La Convertibilidad tuvo su momento de gloria entre 1991 y 1994, con un crecimiento a tasas chinas (por la época no se llamaban así) del 8% anual. En 1995 el modelo rindió examen tras el “efecto Tequila”, un contagio del colapso cambiario en México. Pero el trauma se superó, la confianza en la Convertibilidad se fortaleció, y la economía recuperó un alto dinamismo por dos años más.

A partir de allí se produjo una agonía lenta pero persistente de casi cuatro años y, tras ella, el precipicio de fines de 2001.

¿Qué derrumbó la Convertibilidad? Como siempre hay varios factores, pero el más sintomático fue que el enorme ingreso de capitales se reflejó en un déficit en cuenta corriente sistemáticamente negativo, lo que representaba una deuda externa creciente. Cavallo minimizaba las críticas. “No tenemos déficit en cuenta corriente, sino superávit en la cuenta capital” insistía, interpretando las inversiones como una señal de confianza en un país pujante.

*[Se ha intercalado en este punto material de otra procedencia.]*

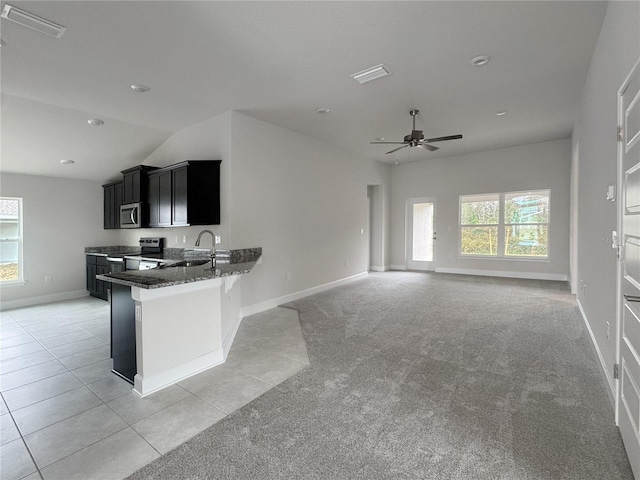 kitchen featuring stone counters, kitchen peninsula, sink, a breakfast bar area, and light carpet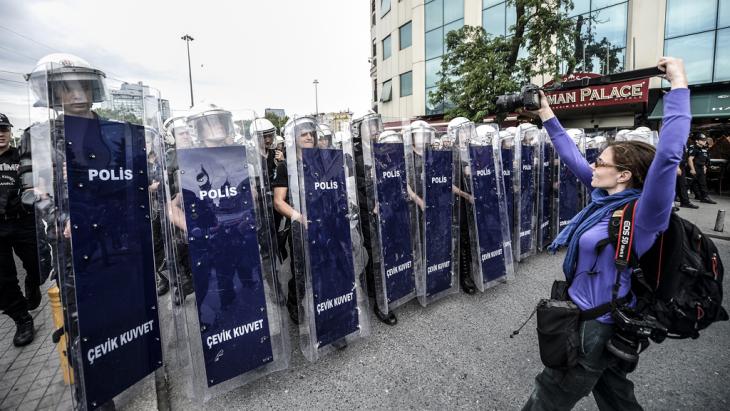 A photographer takes a photo of Turkish riot police officers standing in line as they block access to Taksim square on 31 May 2014 (photo: AFP/Getty Images)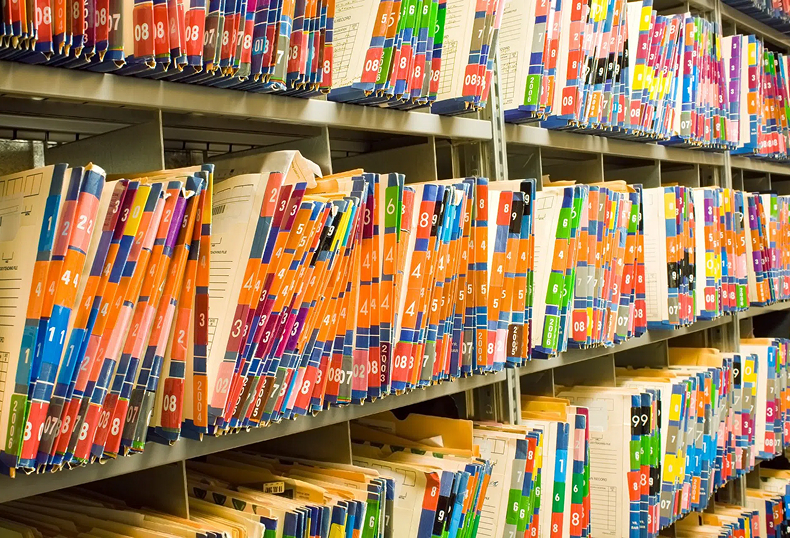 Color-coded files stacked | premises liability lawyer | The Law Offices of Edward Smith LLC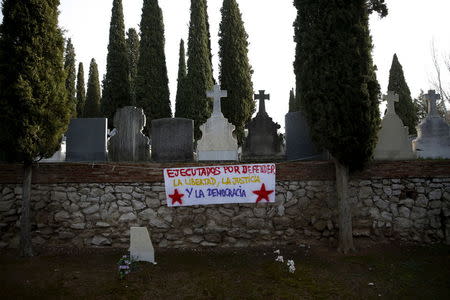 A banner that reads "Executed for defending freedom, justice and democracy" is seen during the exhumation of a grave at Guadalajara's cemetery, Spain, January 19, 2016. REUTERS/Juan Medina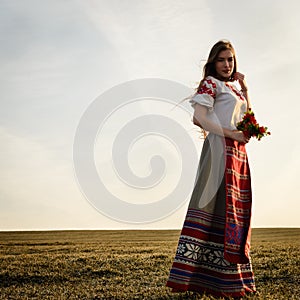 Young woman in Slavic Belarusian national original suit outdoors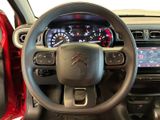 the interior of a car with a steering wheel and dashboard controls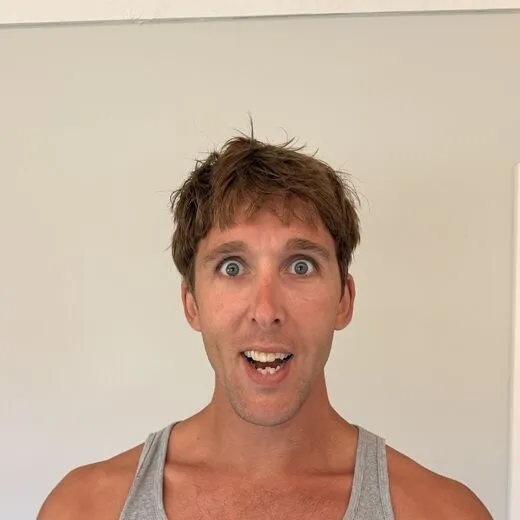 Kylen in a gray tank top pulling a face for the camera, photo booth shot 7 of 12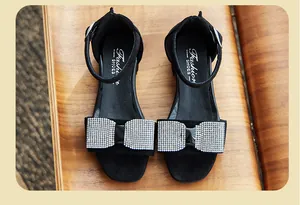 Vista dettagliata di sandali alla moda neri per bambina con fiocco di strass lucido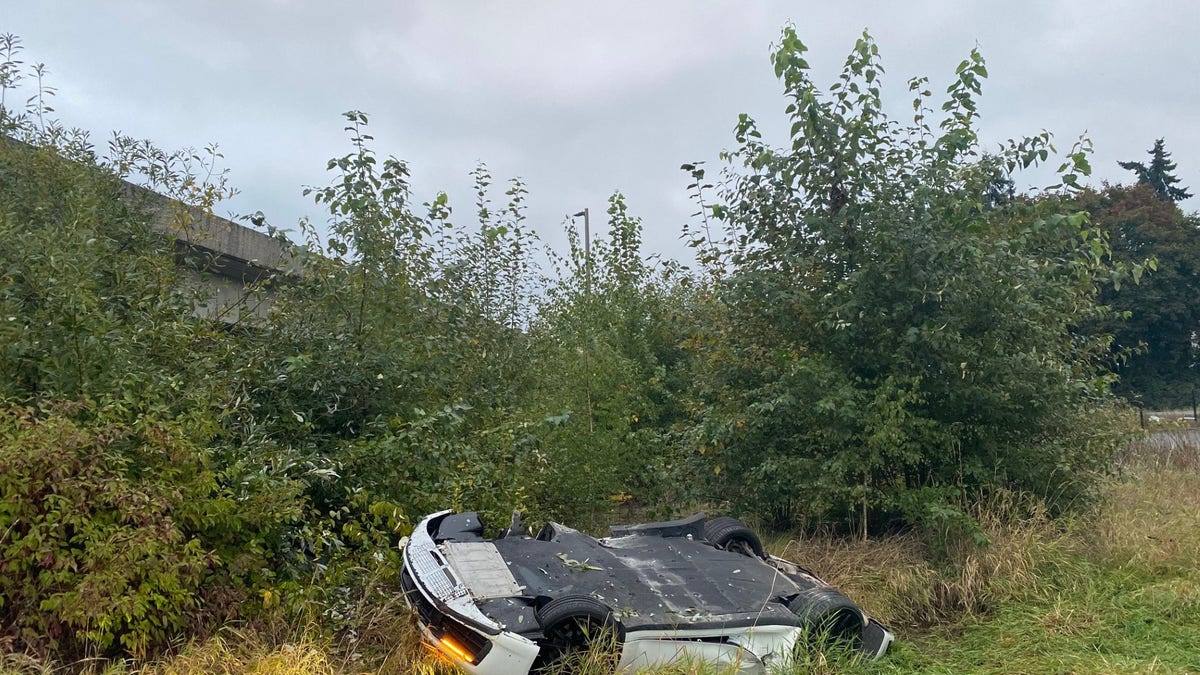 Ting ye's car upside down in a ditch after the crash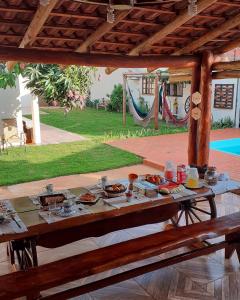 a wooden table with food on top of a patio at Pousada recantoceccataratas in Foz do Iguaçu
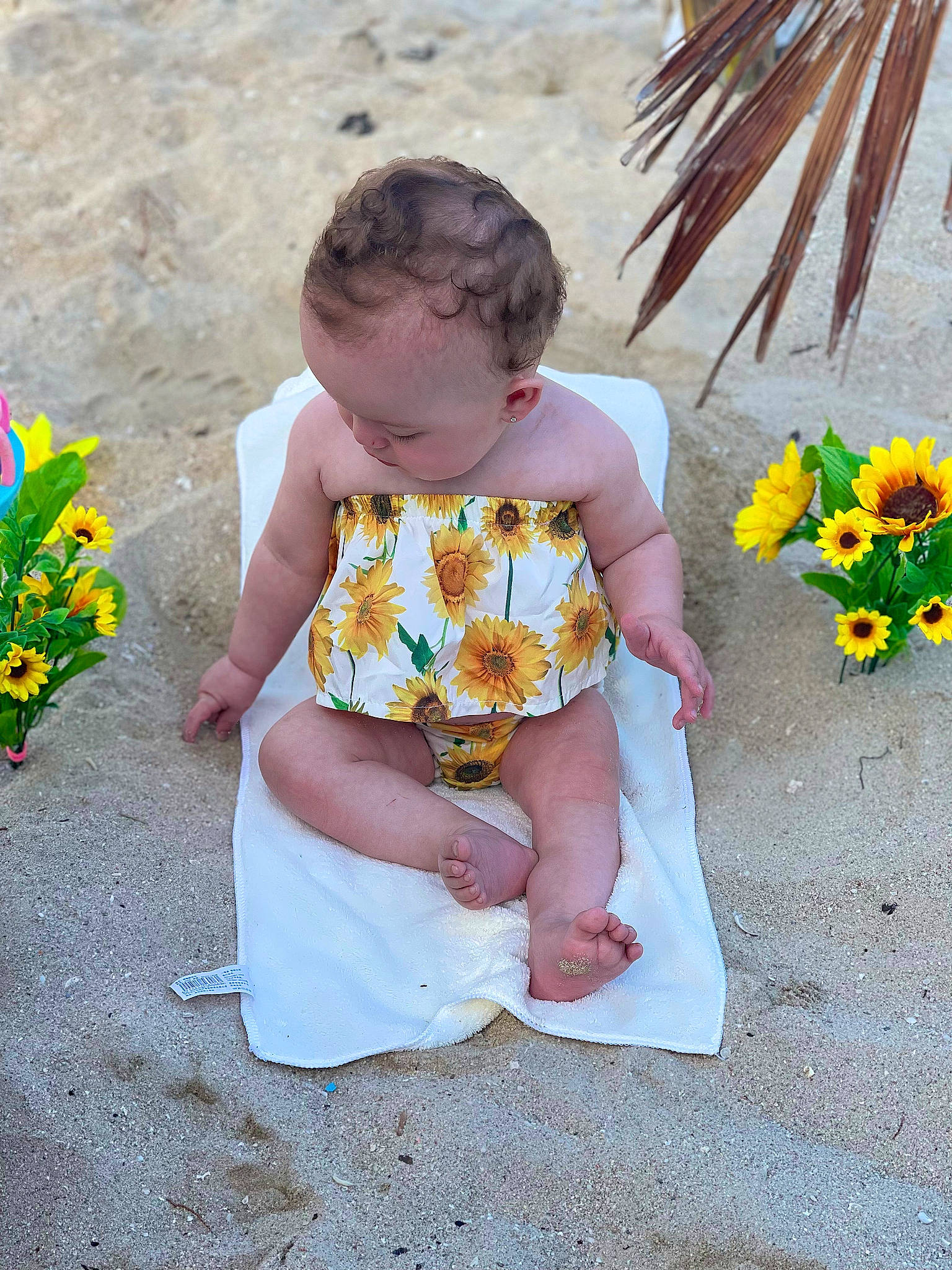 Amalia joined the competition — help win amazing prizes! baby, baby_toddler_clothing, child, dress, flower, flower_arranging, foot, fun, grass, happy, leaf, pattern, people_in_nature, person, petal, plant, play, sitting, skin, toddler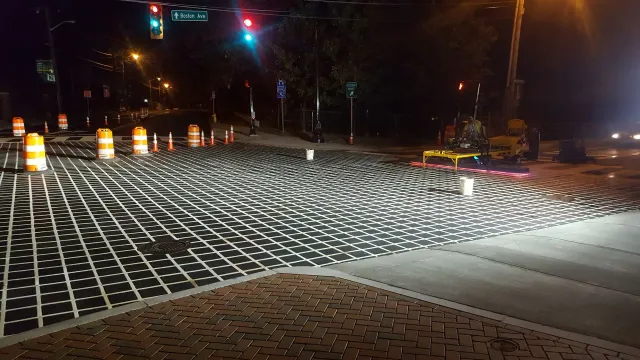 A street with a lot of bricks on it at night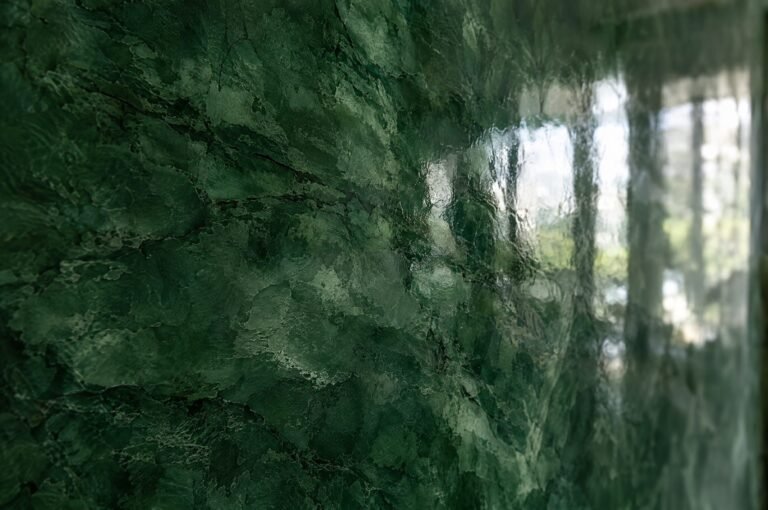 Close-up of high-gloss deep green polished Venetian plaster (stucco veneziano) with marble-like depth and reflections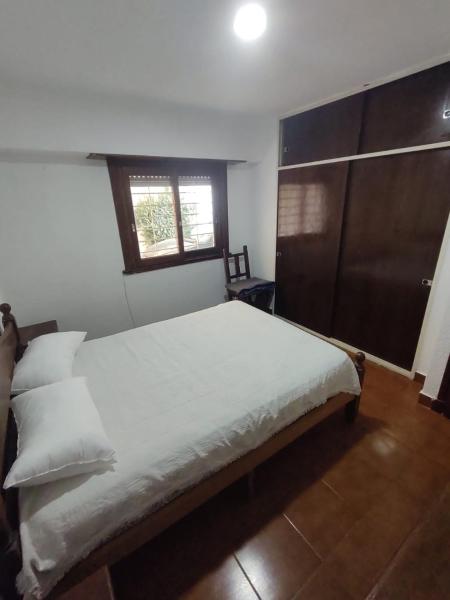 Un dormitorio con una gran cama blanca y una ventana en Departamento Parque Luro para 5 personas en Mar del Plata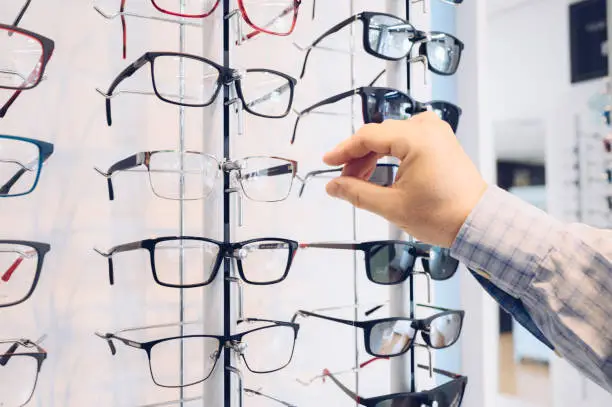 Choosing glasses in a eyewear store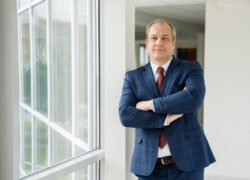 Verslo vyras su kostiumu stovi sukryžiavęs rankas prie lango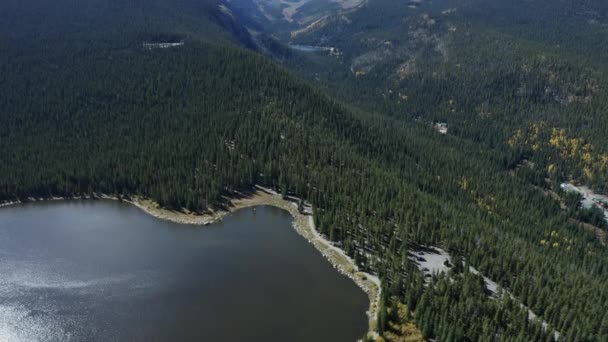 Flygfoto Panorering Upp Från Alpin Sjö Till Snöiga Berg Fjärran — Stockvideo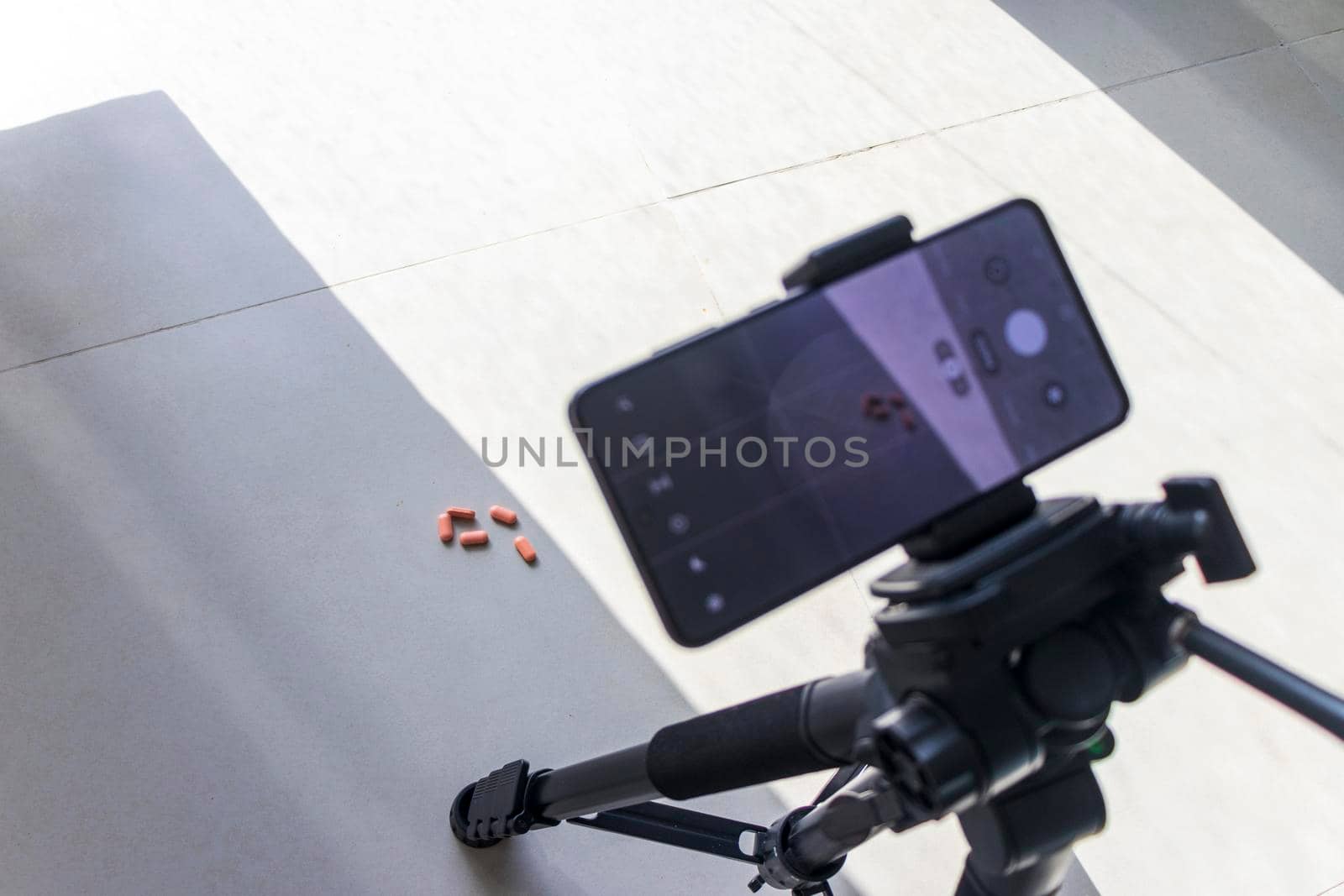 Close up shot of a phone on tripod capturing medicine on the surface. Technology by pazemin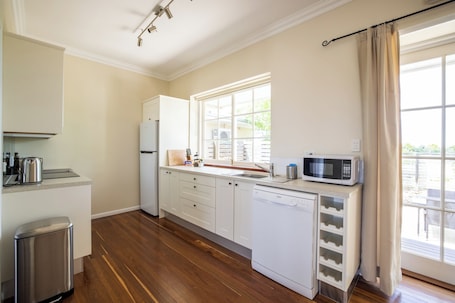 Courtyard Garden Apartment (Minimum Age 18) | Private kitchen | Full-size fridge, microwave, oven, stovetop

Pero la deuda es una daga que pende sobre nuestras cabezas, y el hilo que la sostiene es la etérea confianza de los acreedores. Cuando arreciaron las dudas porque la economía no crecía, el financiamiento se acabó por la simple razón de que no se estaban generando los recursos para repagar. La estabilidad y las reglas de libre mercado, aparentemente, no fueron suficientes para calmar el apetito de los inversores internacionales.

No pasaría mucho tiempo hasta que se probara otro experimento de endeudamiento furtivo, pero ahora sin el “error” del tipo de cambio fijo. El resultado tampoco fue bueno y tropezamos una vez más con aquella piedra, porque a veces decidimos no verla y simplemente asumimos que no está allí.